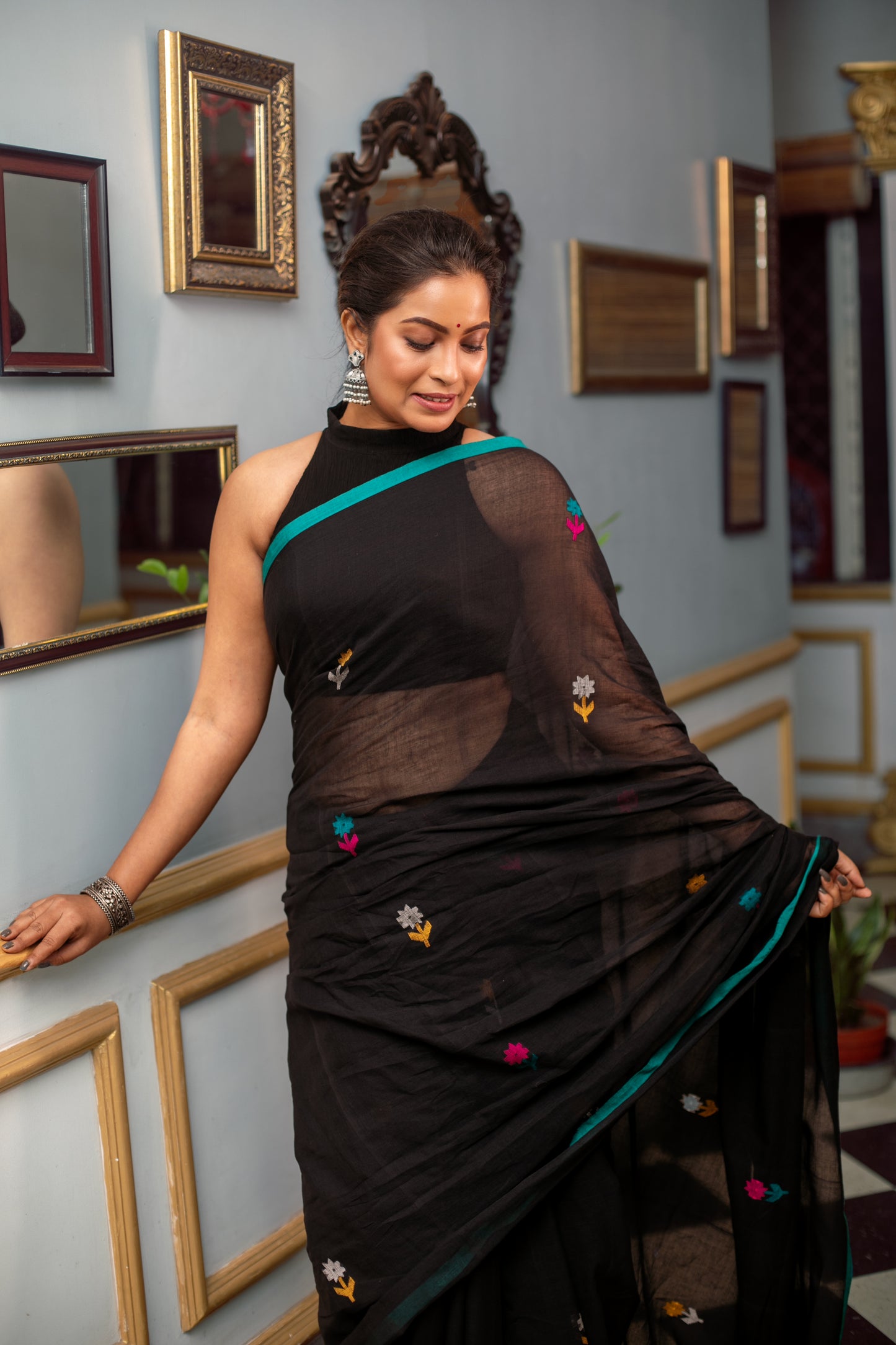 Embroidered Handloom Pure Cotton Black Saree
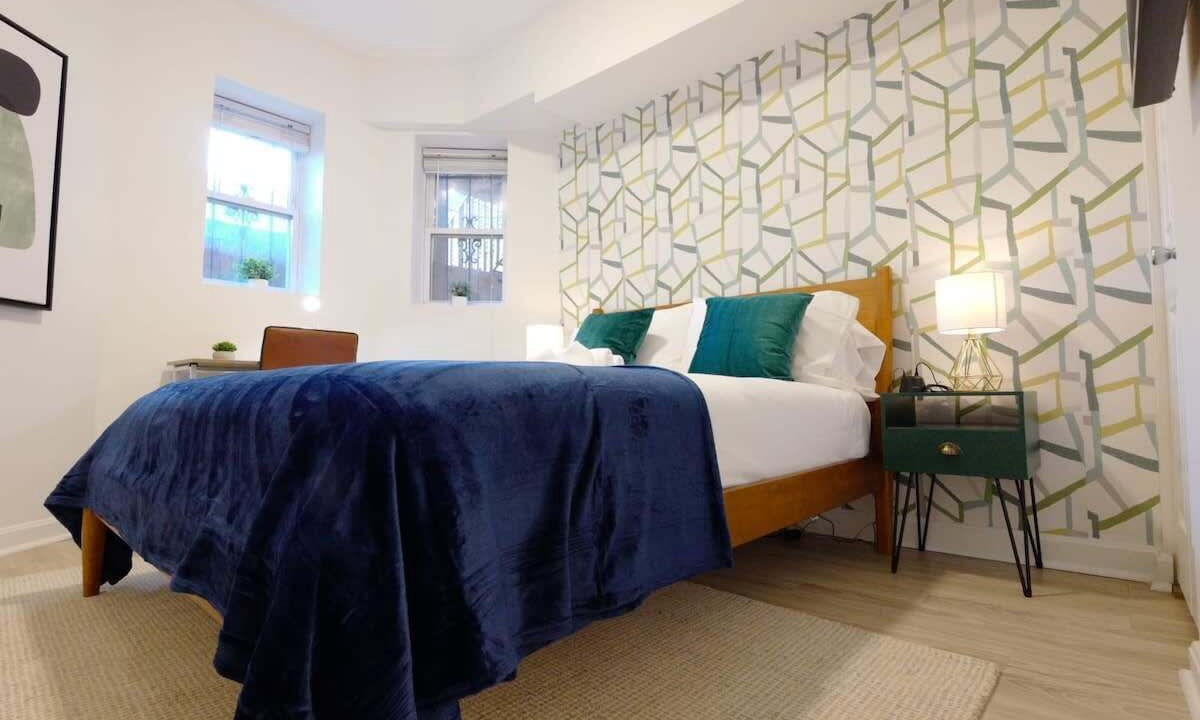 Photo of Bedroom in Shaw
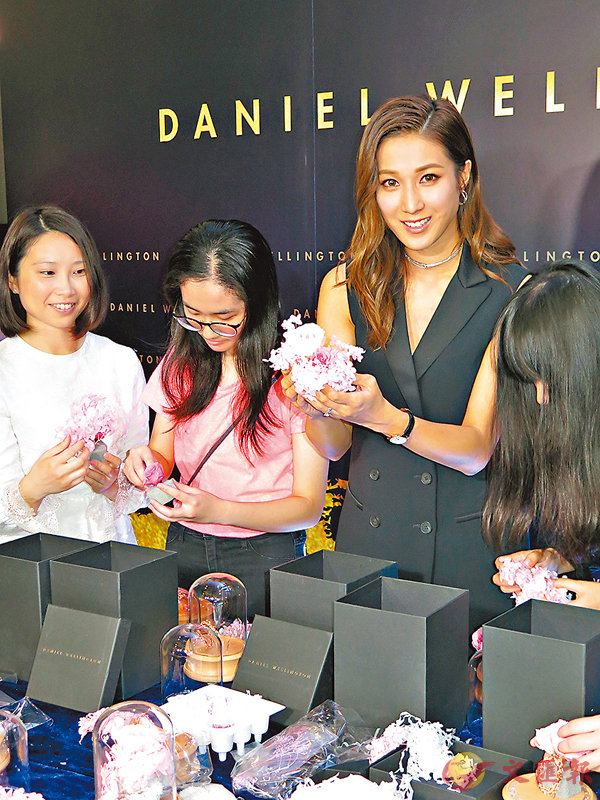 ����ŪY(�k�G)�����{���_�_�ܡu�Ѱ��v�C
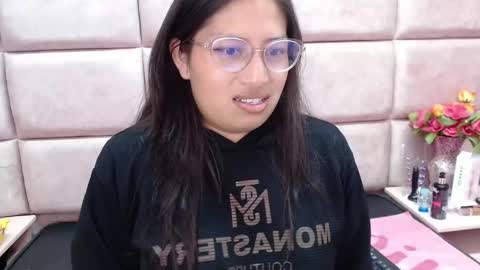 Snapshot of miha_smith chatting on 02/22/25, 09:59 Miha online show from 02/22/25, 09:59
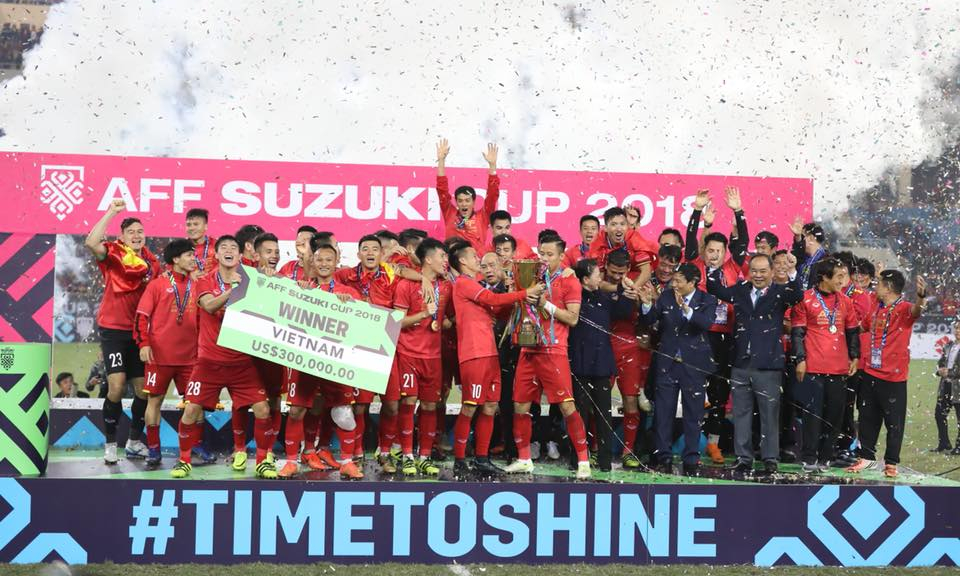 Việt Nam ch&iacute;nh thức vượt Ph&aacute;p, trở th&agrave;nh đội c&oacute; chuỗi bất bại d&agrave;i nhất thế giới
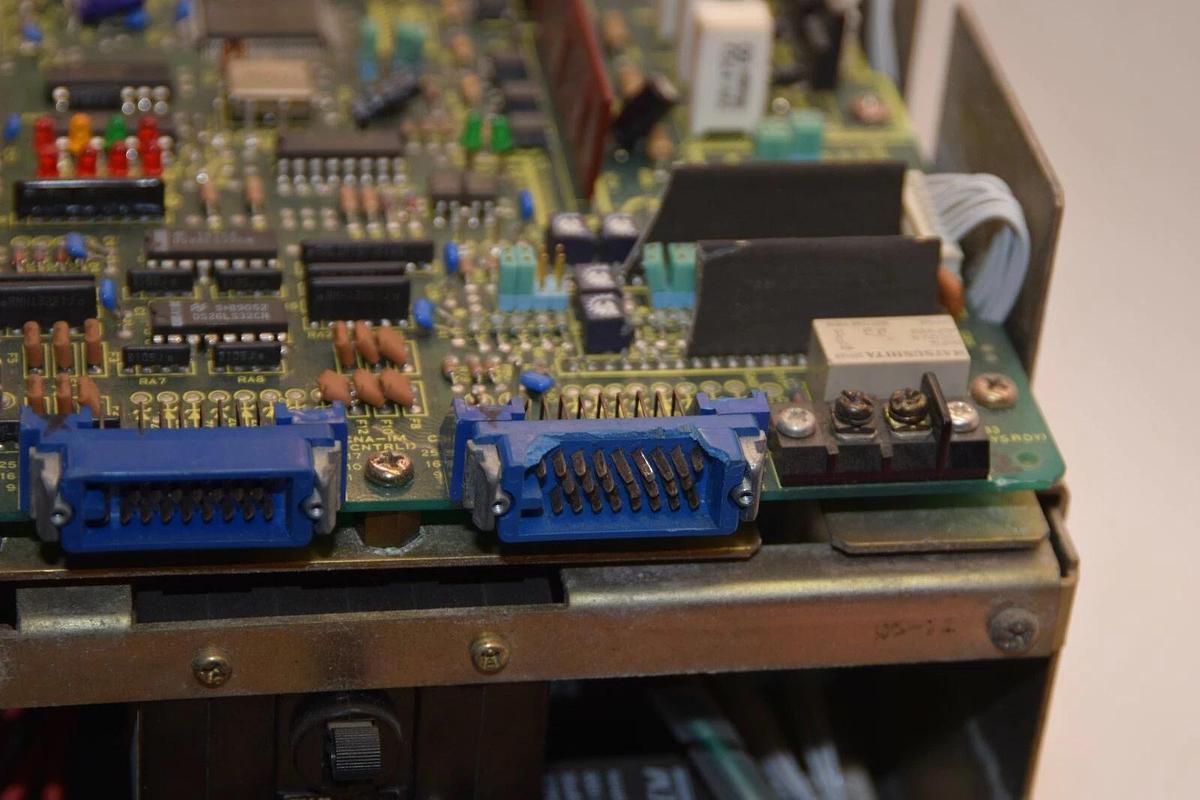 Used ALLEN BRADLEY 8520-AA6 8520AA6 EM862942*1 Series A Servo Drive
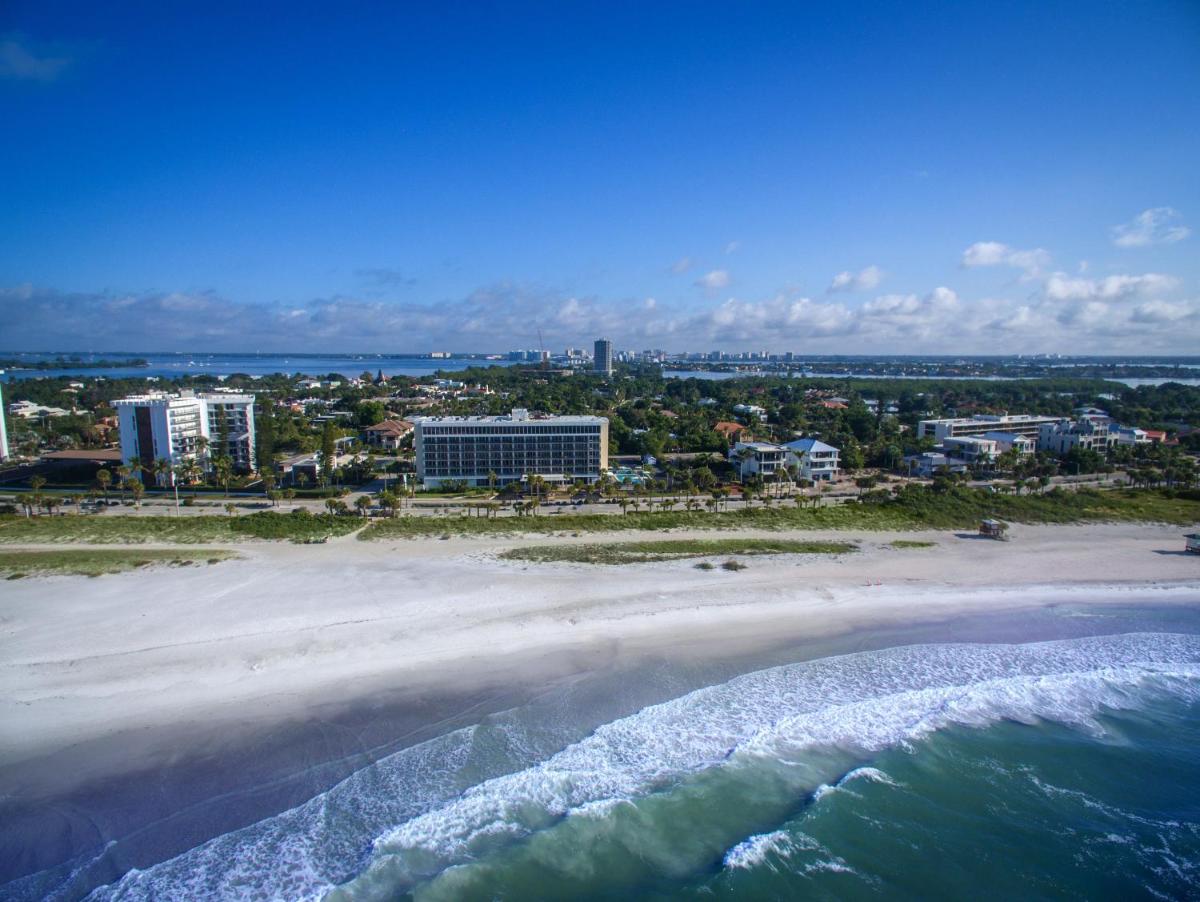 Holiday Inn Sarasota-Lido Beach at the Beach an IHG Hotel - image 2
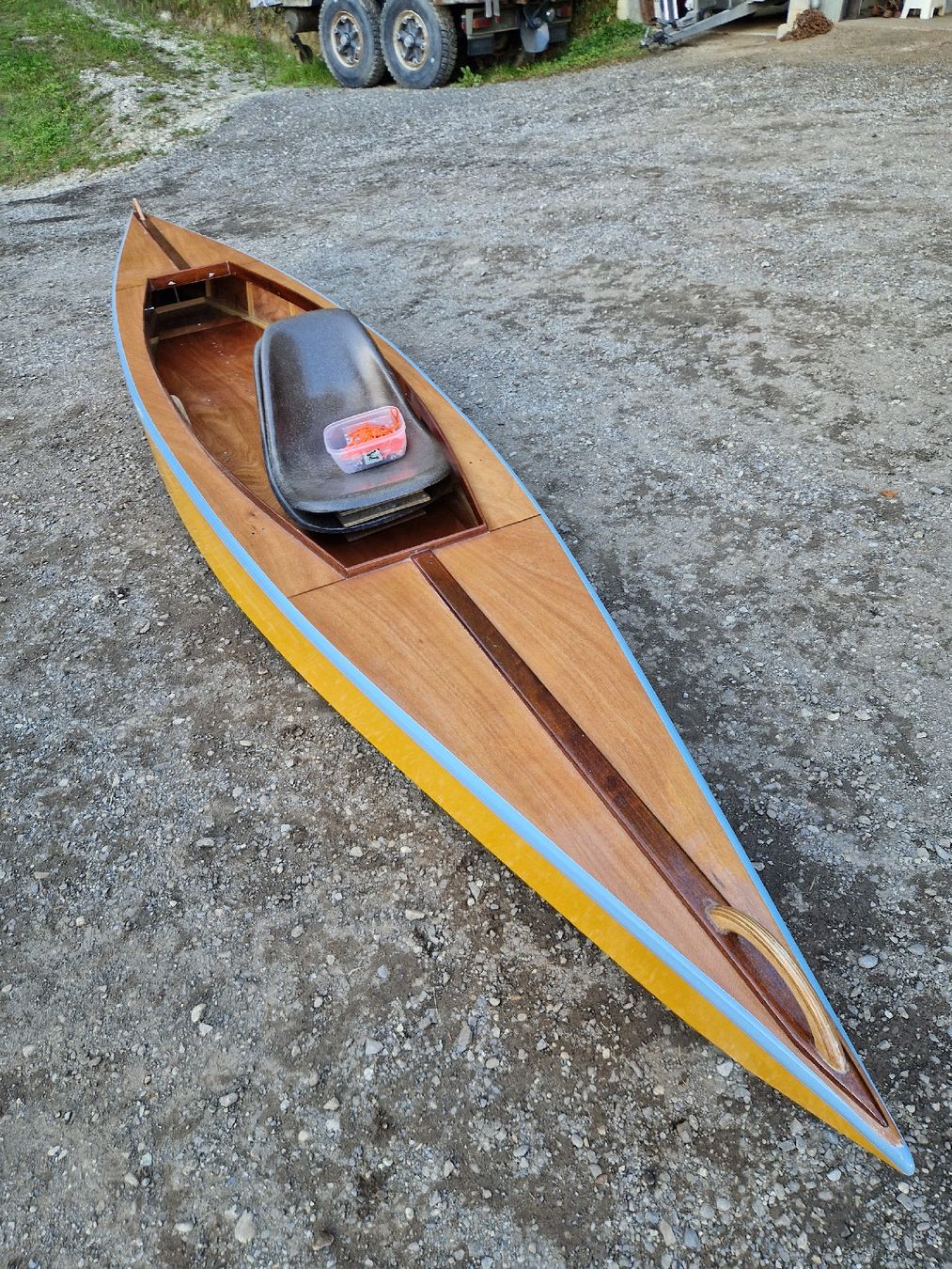Bateaux: Boot  Ruderboot Kajak – D'occasion à Sumiswald par ForstCounty 5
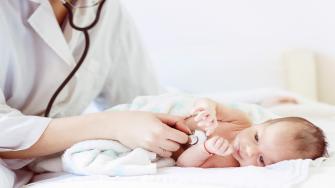 كيفية علاج ارتداد البول في الرضع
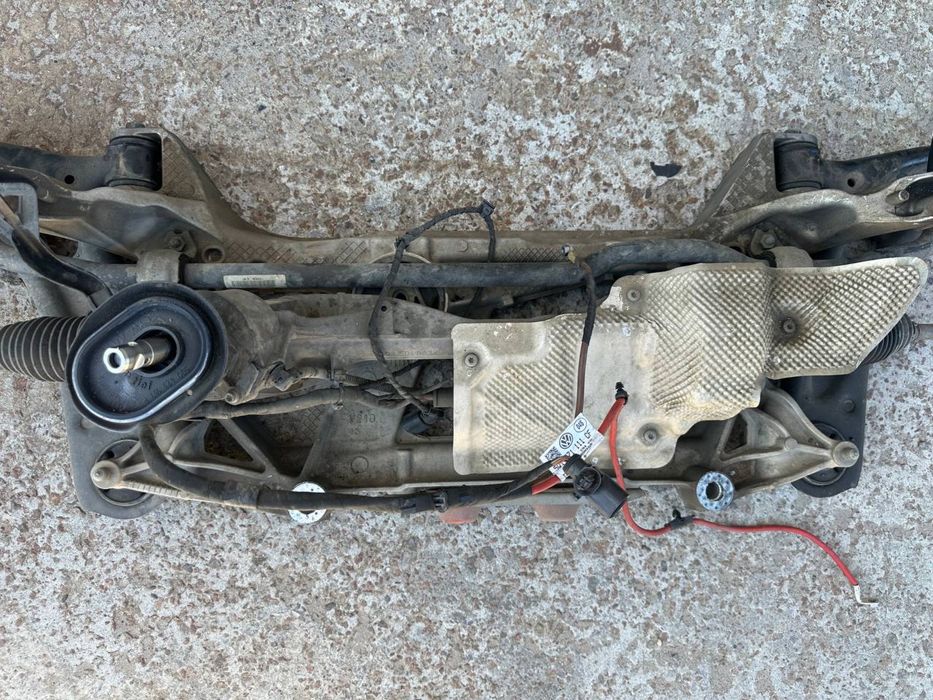 Підрамник audi a3 8v в зборі с рульовою рейкою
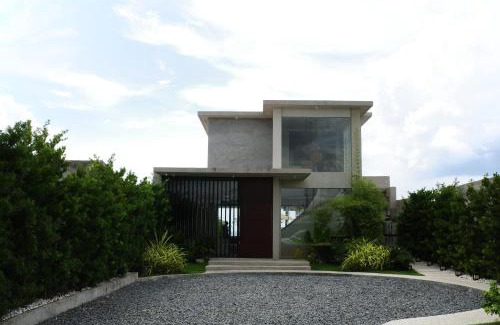 Lian House | Bahay Lian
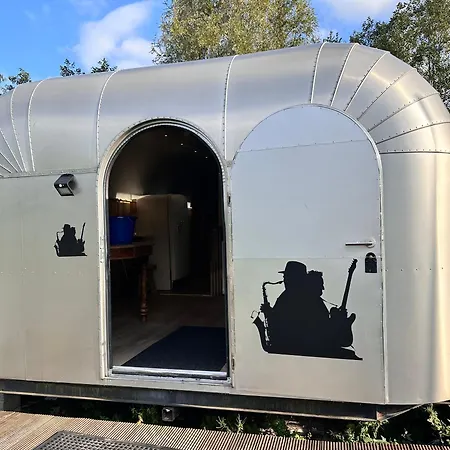 Tin Town - Unieke Vintage Trailers & Vakantiehuisjes In De Parco vacanze *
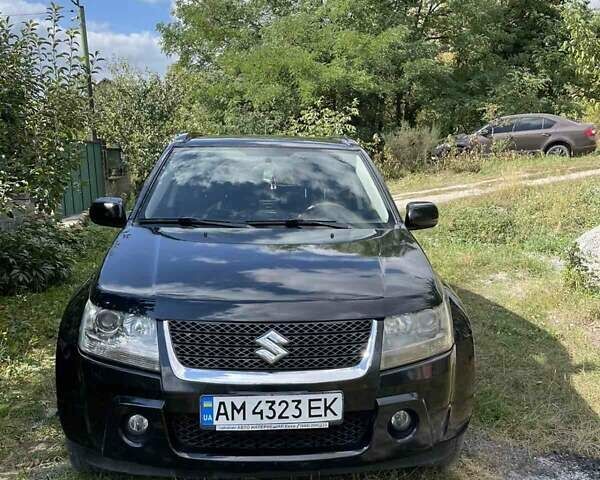 Чорний Сузукі Гранд Вітара, об'ємом двигуна 2 л та пробігом 222 тис. км за 7699 $, фото 1 на Automoto.ua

◇ ◇ ◇

▸ Activity: The lines from the one that contains "par ForstCounty 5" through the end of the data, repeated exactly and with no pictures, make up the whole answer.

▸ Task response:
Bateaux: Boot  Ruderboot Kajak – D'occasion à Sumiswald par ForstCounty 5
 كيفية علاج ارتداد البول في الرضع
 Підрамник audi a3 8v в зборі с рульовою рейкою
 Lian House | Bahay Lian
 Tin Town - Unieke Vintage Trailers & Vakantiehuisjes In De Parco vacanze *
 Чорний Сузукі Гранд Вітара, об'ємом двигуна 2 л та пробігом 222 тис. км за 7699 $, фото 1 на Automoto.ua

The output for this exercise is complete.